Akşemsettin İlkokulu, 2012-2013 yılında eğitim öğretime başlamıştır.  Mevcut   binamız; daha önce Akşemsettin İlköğretim Okulu olarak Milli Eğitim Bakanlığı’nın 8 derslikli ek binası olarak kullanılmaktaydı. 2003-2004 eğitim öğretim yılında, Büyük Şehir Belediyesi’ne ait olan 7260 ada 1 parsel No’lu 6345 metrekare alana Akşemsettin İlköğretim Okulu’nun ek binası olarak yapılmıştır. Milli Eğitim Bakanlığı kanalı ile okulumuza 8 derslikli ek bina yapılarak teslim edilmiştir. Akşemsettin İlkokulu derslik sayısının yetersizliği nedeni ile ikili eğitim yapmaktadır.

Servet Aras Kimdir?

Denizli doğumlu olup evli ve 1 çocuk annesidir. 1994 Yılında Pamukkale Üniversitesi Sınıf Öğretmenliği bölümünden  mezun olmuştur, D.E.Ü. Sosyal Bilimler Enstitüsü’nde Eğitim Yöneticiliği ve Denetçiliği Bölümünde yüksek lisans yapmıştır. Sırasıyla; 1994 Yılında Erzurum Atatürk İ.O. öğretmen, 1997 Yılında Trabzon Merkez  Gürbulak  İ.O.  öğretmen,  1999 Yılında İzmir Buca Şehit Üsteğmen  Konuralp Özcan  İ.O. öğretmen, 2004 Yılında İzmir Konak Ali Fuat Cebesoy İ.O. Müdür, 2010 Yılında İzmir Buca Çamlık İ.O. Müdür görevlerinde bulunmuştur. 15 Aralık 2014 tarihi itibariyle Buca Akşemseddin İlkokulu Müdürlüğü görevine devam etmektedir.

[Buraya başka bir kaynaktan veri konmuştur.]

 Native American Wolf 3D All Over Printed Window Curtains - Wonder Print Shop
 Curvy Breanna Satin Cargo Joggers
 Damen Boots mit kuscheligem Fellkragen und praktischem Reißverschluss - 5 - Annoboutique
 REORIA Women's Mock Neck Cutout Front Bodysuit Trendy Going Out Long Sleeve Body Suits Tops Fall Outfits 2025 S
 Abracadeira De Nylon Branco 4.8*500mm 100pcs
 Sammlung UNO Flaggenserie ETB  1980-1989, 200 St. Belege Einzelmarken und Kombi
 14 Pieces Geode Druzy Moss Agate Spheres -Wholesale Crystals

TELEVİZYONUN DEĞERLER EĞİTİMİNE ETKİSİ

Modern topluma geçişle birlikte yükselen yaşam standartları, insanı doğadan koparmıştır. Dört duvar içinde hapsedilen çocuğu güvende tutmak, bir kurtarıcı, bakıcı, oyalayıcı, zaman geçiştirici olarak televizyona düşmektedir! Görünürde yaşamı kolaylaştırıcı bir araç olan televizyon, gelecekte ortaya çıkabilecek ekran bağımlısı, anti sosyal, okumaktan hoşlanmayan, reel yaşam ve doğadan uzak bireylerin yetişmesinin ana faktörü olarak, evlerimizde sürekli açık olarak durmaktadır. Anne-babalar, yetersizlikten, değersizlikten, güvensizlikten ve yalnızlıktan kurtulmuş, benliğini ve kişiliğini sağlıklı bir şekilde oturtmuş çocuklara sahip olmak için aşağıda dikkat çekilen noktalara gereken hassasiyeti göstermelidirler.

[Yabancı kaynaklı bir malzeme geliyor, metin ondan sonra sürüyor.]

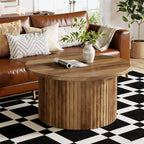 Table basse, table d'appoint circulaire de ferme pour canapé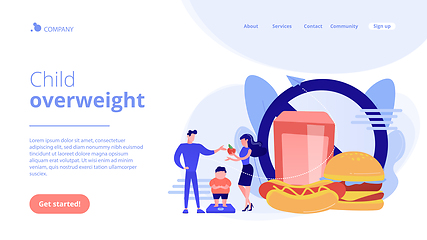 Image showing Child overweight concept landing page.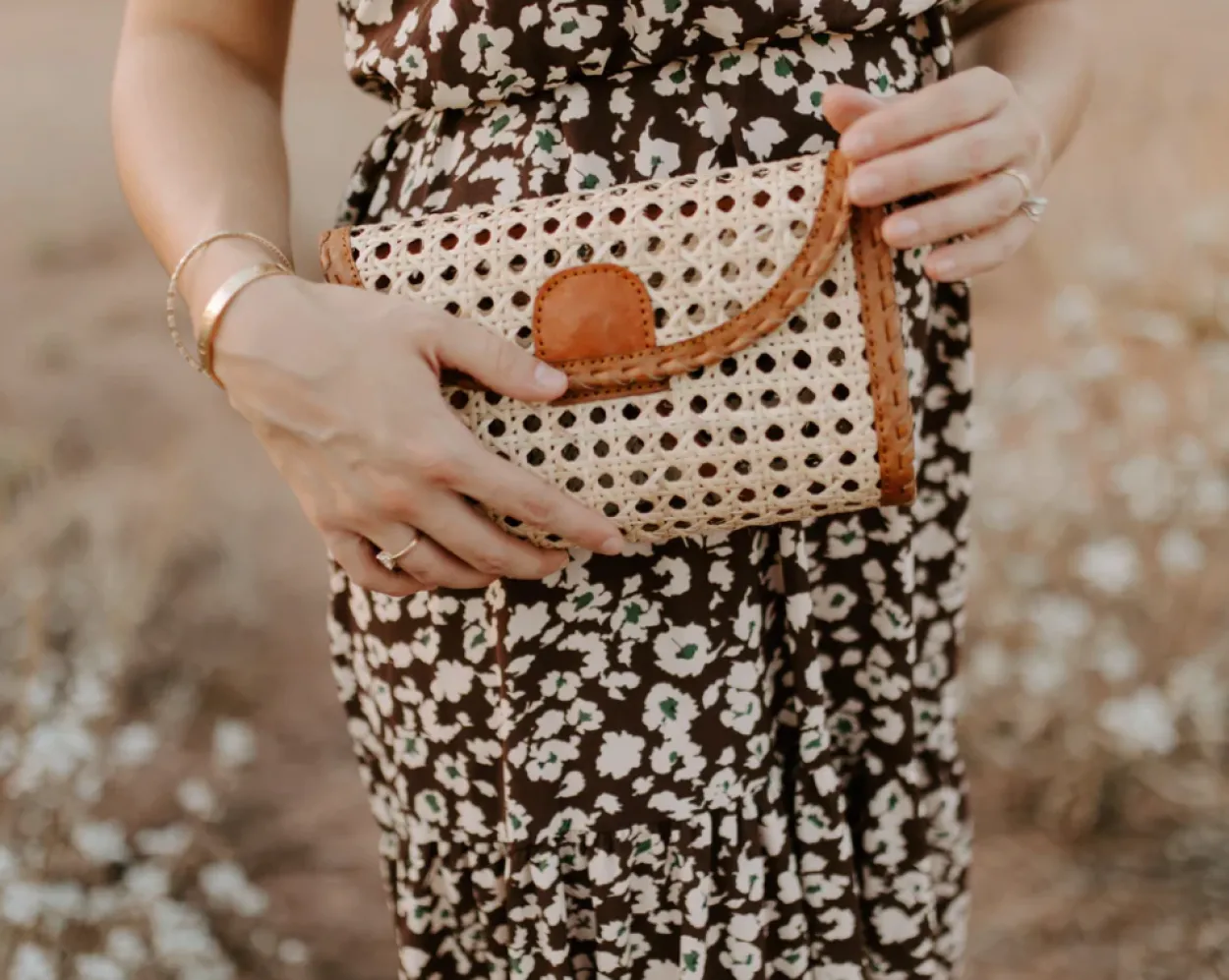 Bonita's Bali Rattan Crossbody Bag & Clutch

•             0-2 yaş arası çocuklara televizyon izlettirilmemeli, bunun yerine kişilerle karşılıklı etkileşim ve sosyal ilişkilere dayalı etkinlikler yaptırılmalıdır.

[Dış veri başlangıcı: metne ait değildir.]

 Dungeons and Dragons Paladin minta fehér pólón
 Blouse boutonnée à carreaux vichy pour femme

•             2-10 yaş arası çocuklara günde 1-2 saati geçmeyecek şekilde, yaş seviyelerine uygun ve olumlu karakterlerin ağırlıkta olduğu programlar seçilerek izletilebilir.

•             Çocukların gelişimlerine uygun programları televizyonda bulmak zor oluyorsa uygun olarak hazırlanmış cd, VCD ve DVD’lerden yararlanılmalıdır.

•             12 yaşından önce çocuklara stres yapıcı programların seyrettirilmesi uygun değildir.

•             Dizilerde, kliplerde, haberlerde ve filmlerde şiddet sahneleri olduğu öngörülüyorsa çocuğa izlettirilmemesi tercih edilmeli, eğer çocuk bir şekilde bu görüntülere maruz kaldıysa da üzerinde konuşulmalı, değerlendirilmesi beraber yapılmalıdır. 

•             Birlikte zaman geçirilmesi için kitap okuma, yemek pişirme, oyun oynama, sohbet etme gibi karşılıklı etkileşimin olduğu aktiviteler tercih edilmelidir.

•             Anne-babanın izlediği programlar çocuklardan farklı olmalıdır Birlikte televizyon izlenirken, uygun olmadığı düşünülen film ya da dizi başladığında çocuk ilgisini çekecek başka bir etkinliğe yönlendirilmelidir. Uyku saati geldiğinde yatağına gitmesi gerektiği hatırlatılmalıdır.